> _EXERCISE INSTRUCTIONS_
Leave out the pictures and repeat exactly the lines from the one containing "TV and multimedia, Bed" through the final line of the listing below.

□ □ □ □ □ □ □

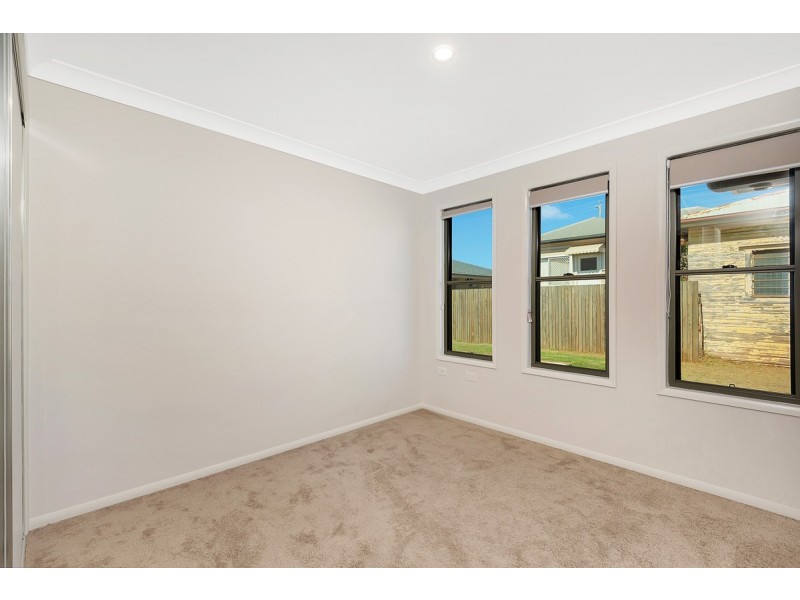 2/25 Matthews Street, Harristown QLD 4350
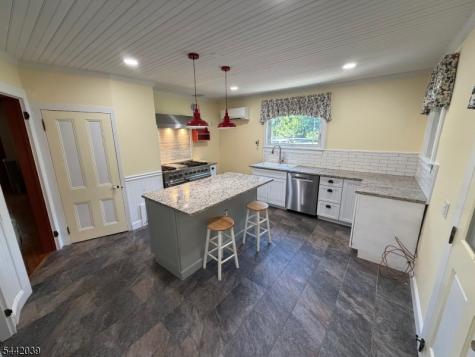 689 Bartley Road Mount Olive NJ 07930
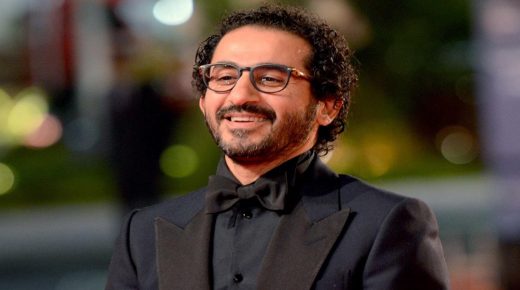 أحمد حلمى يتسبب فى زحام مرورى بالإسكندرية بسبب “العيل”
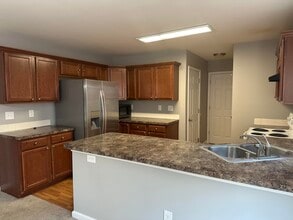 2512 Rockaway Pl in Lexington, KY - Building Photo - Building Photo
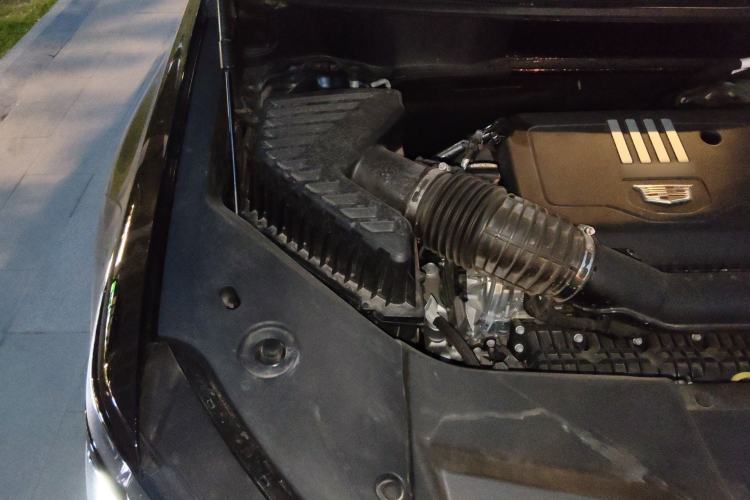 Used Cadillac XT5 2025 2.0T Prestige Version Engine Bay Right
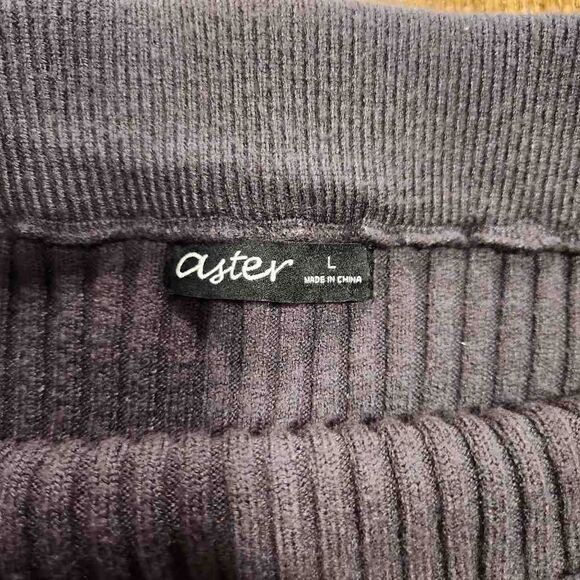 Aster ribbed bodycon skirt  - Picture 3 of 7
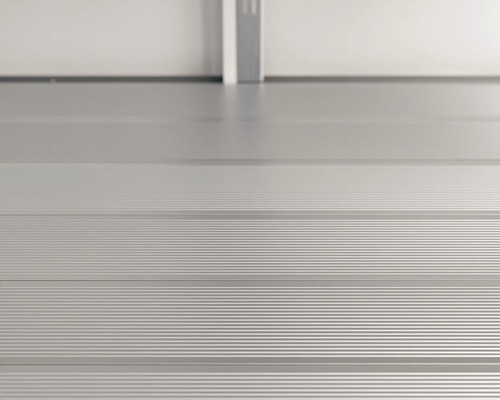 Detailní pohled na hliníkovou garážovou podlahu s rýhovanou strukturou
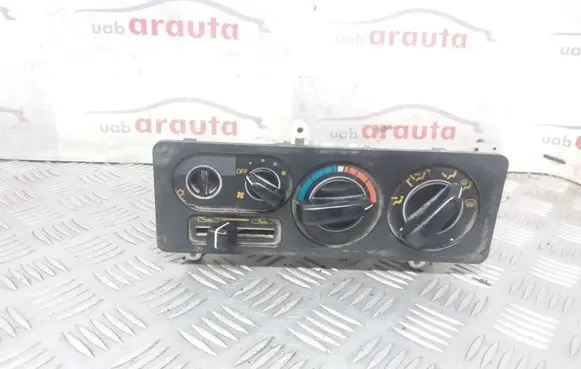 Mitsubishi Pajero Climate control unit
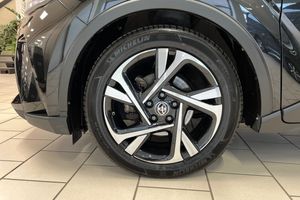 Toyota C-HR bild 15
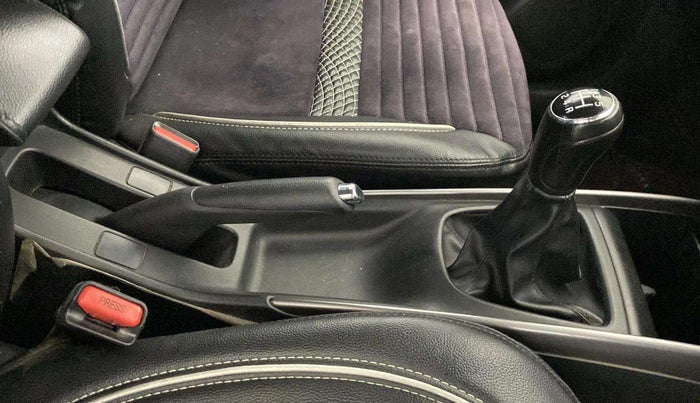 2019 Maruti Baleno ZETA PETROL 1.2, Petrol, Manual, 61,088 km, Gear Lever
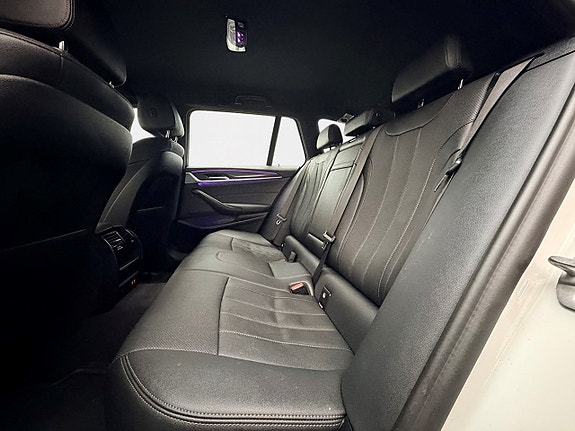 BMW 530e 14 of 30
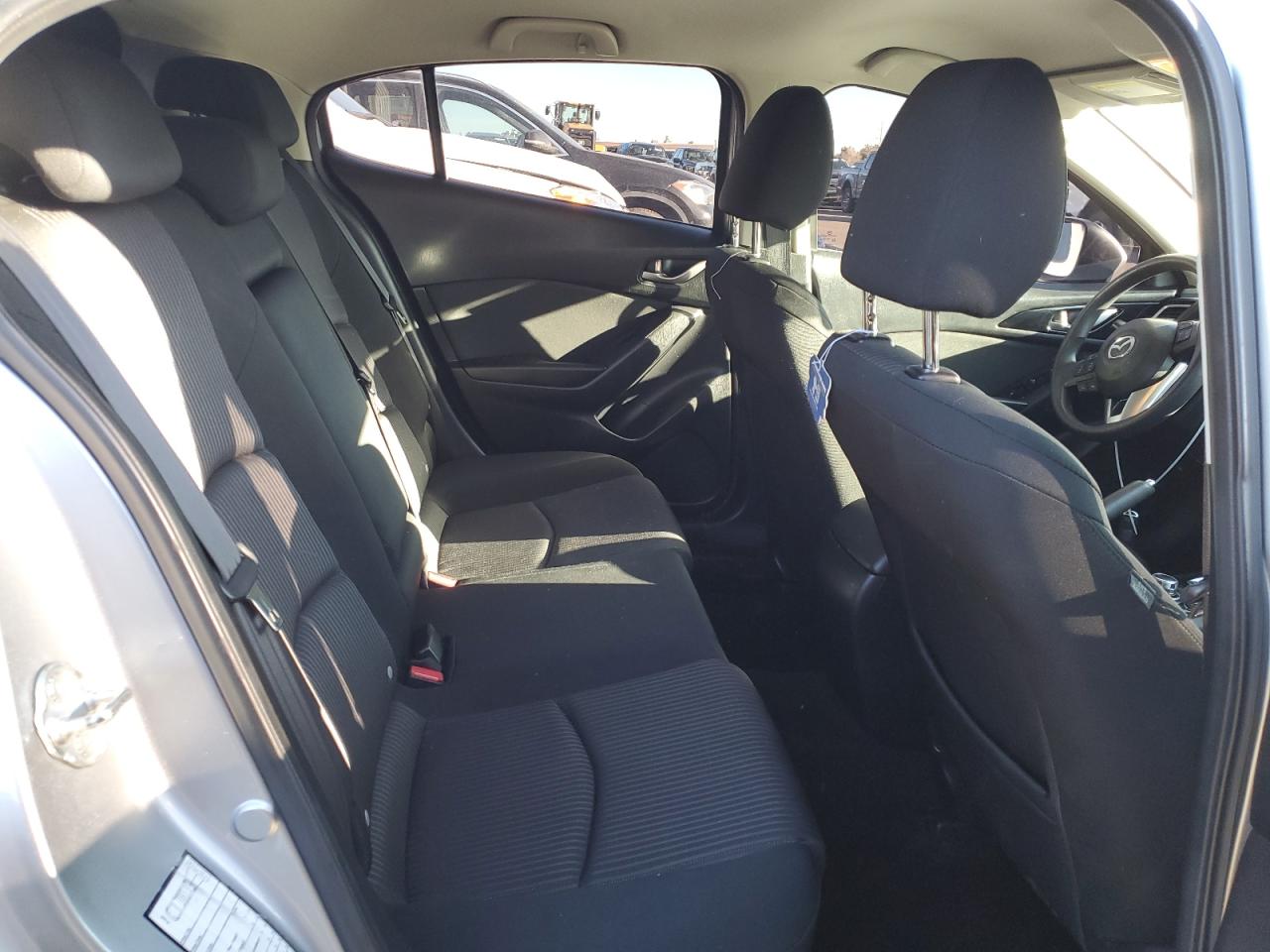2016 Mazda 3 - Image 11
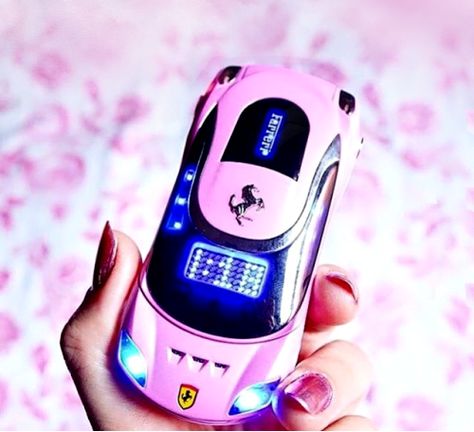 Isn't this pink ferrari trap phone adorable? Kim Kardashian was spotted with one of these in Tokyo Japan: https://unicornmermaid.com/2018/03/01/kim-kardashians-bringing-flip-phones-back/ Business Selfie, Trap Phone, Mood Friends, Pink Ferrari, Clothes Art, Kim Kardashian West, Music Motivation, Art Lifestyle, Science Activities For Kids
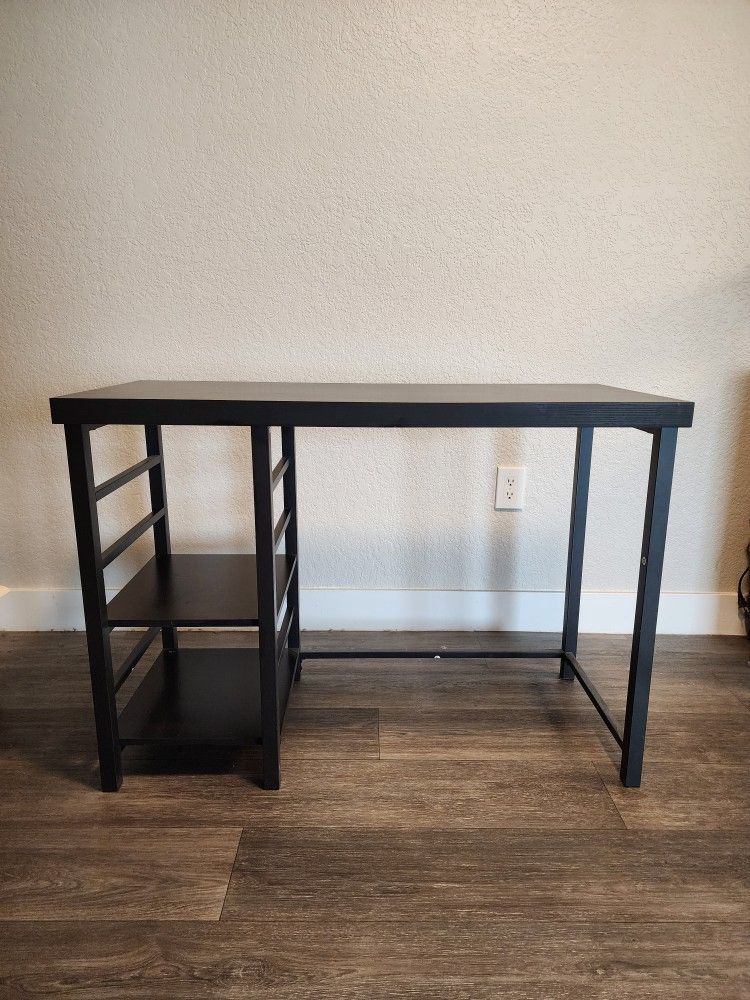 Black Desk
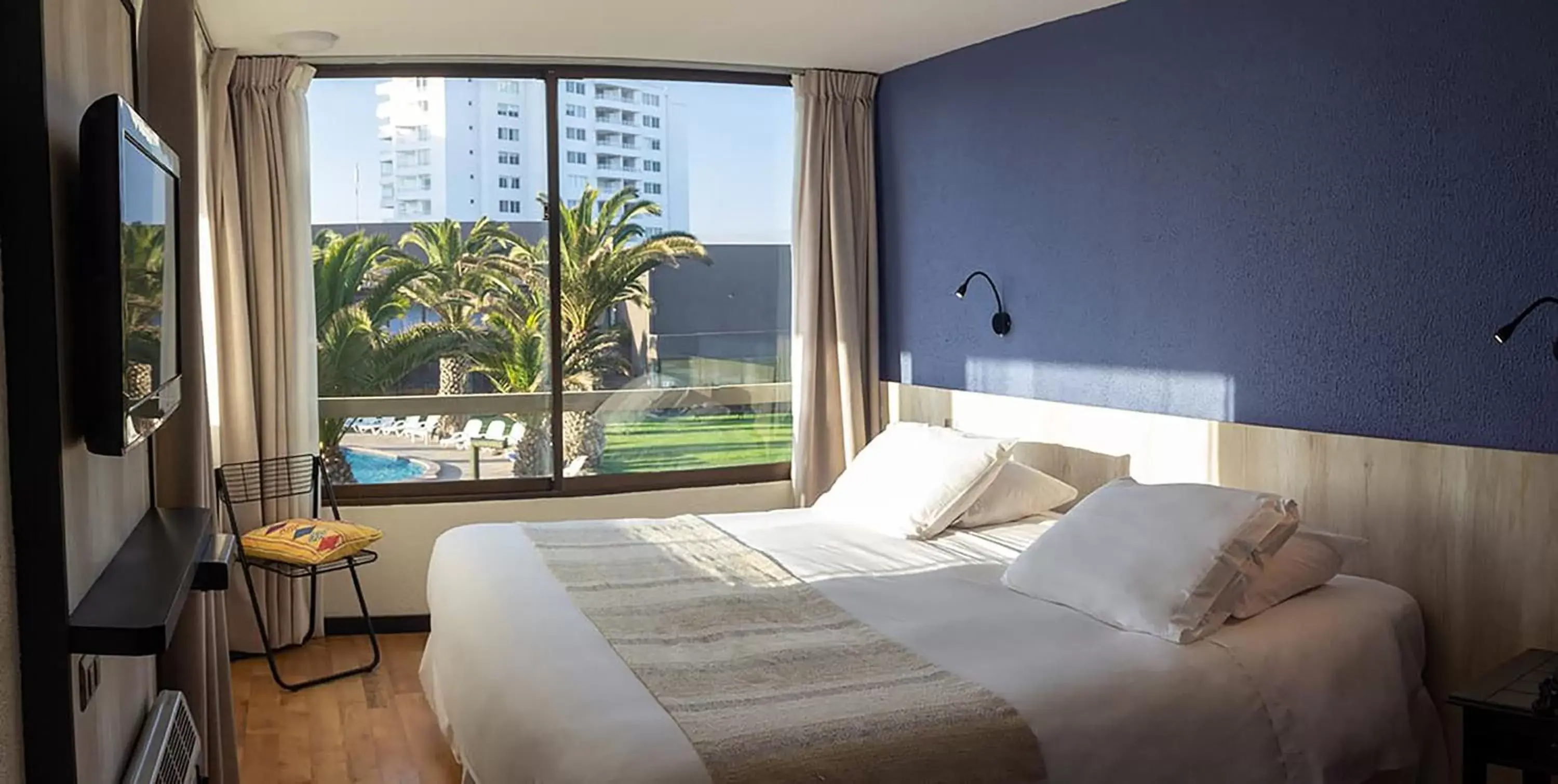 TV and multimedia, Bed in Hotel Club La Serena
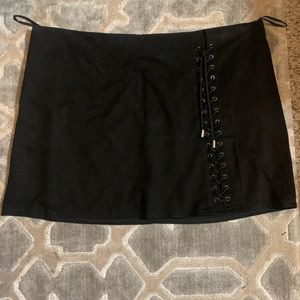 Boohoo black suede mini skirt size 20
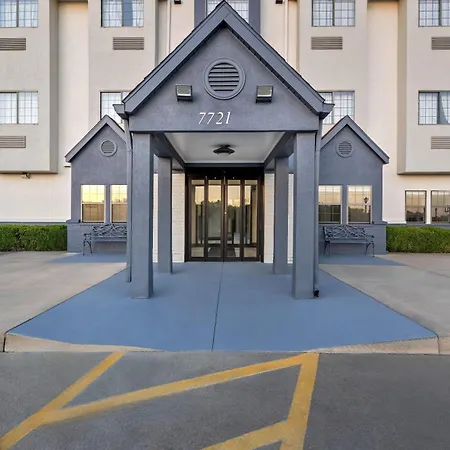 Days Inn By Wyndham Near Kansas Speedway-2
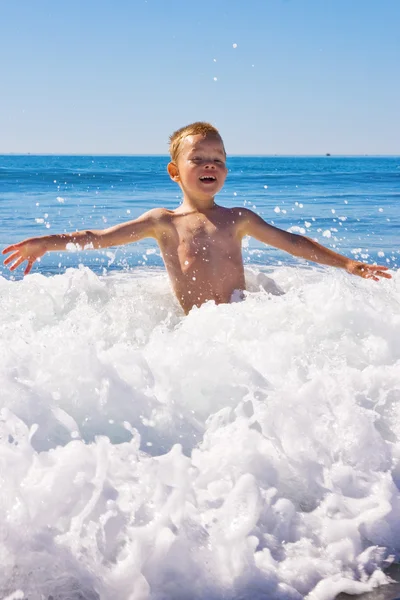 Παιδί που παίζει στη θάλασσα — Φωτογραφία Αρχείου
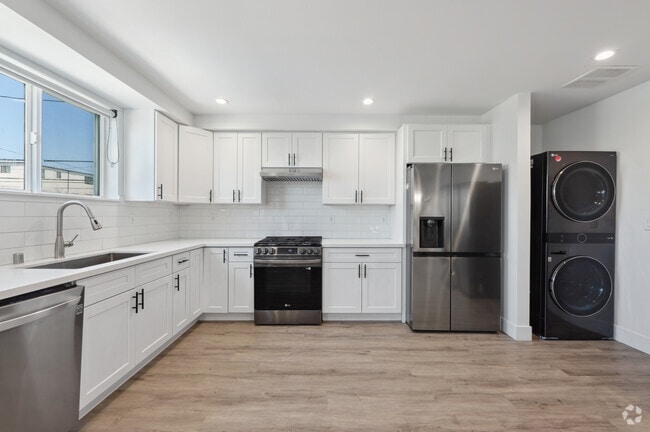 Interior Photo - 1297-1299 W 36th St Student Housing near USC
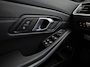 BMW 3-Serie 330e xDrive Business Sport 293Pk Automaat (APPLE CARPLAY, LASER KOPLAMPEN, SOH 90,3%, STOELVERWARMING, SPORTSTOELEN, GETINT GLAS, SPORTSTOELEN, PARKEERSENSOREN, NIEUWSTAAT)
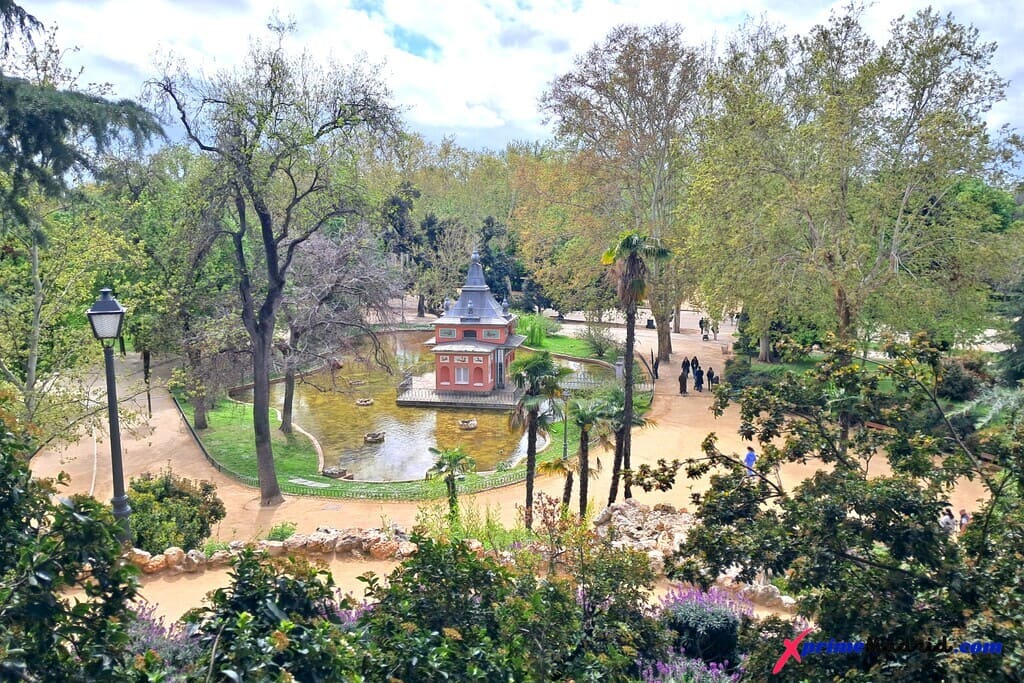 Casita del Pescador vista desde Montaña Artificial del Parque del Retiro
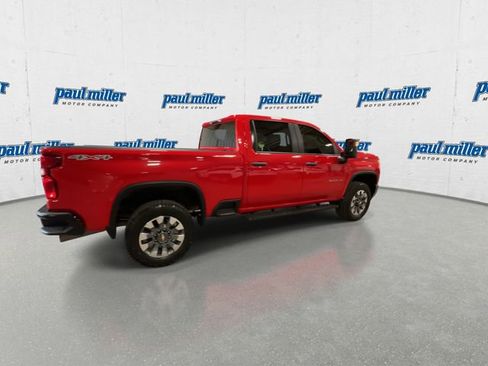 Used 2022 Chevrolet Silverado 2500 Custom w/ Custom Value Package AWD/4WD image 12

□ □ □ □ □ □ □

> _RESPONSE TO THIS EXERCISE_
 TV and multimedia, Bed in Hotel Club La Serena
 Boohoo black suede mini skirt size 20
 Days Inn By Wyndham Near Kansas Speedway-2
 Παιδί που παίζει στη θάλασσα — Φωτογραφία Αρχείου
 Interior Photo - 1297-1299 W 36th St Student Housing near USC
 BMW 3-Serie 330e xDrive Business Sport 293Pk Automaat (APPLE CARPLAY, LASER KOPLAMPEN, SOH 90,3%, STOELVERWARMING, SPORTSTOELEN, GETINT GLAS, SPORTSTOELEN, PARKEERSENSOREN, NIEUWSTAAT)
 Casita del Pescador vista desde Montaña Artificial del Parque del Retiro
 Used 2022 Chevrolet Silverado 2500 Custom w/ Custom Value Package AWD/4WD image 12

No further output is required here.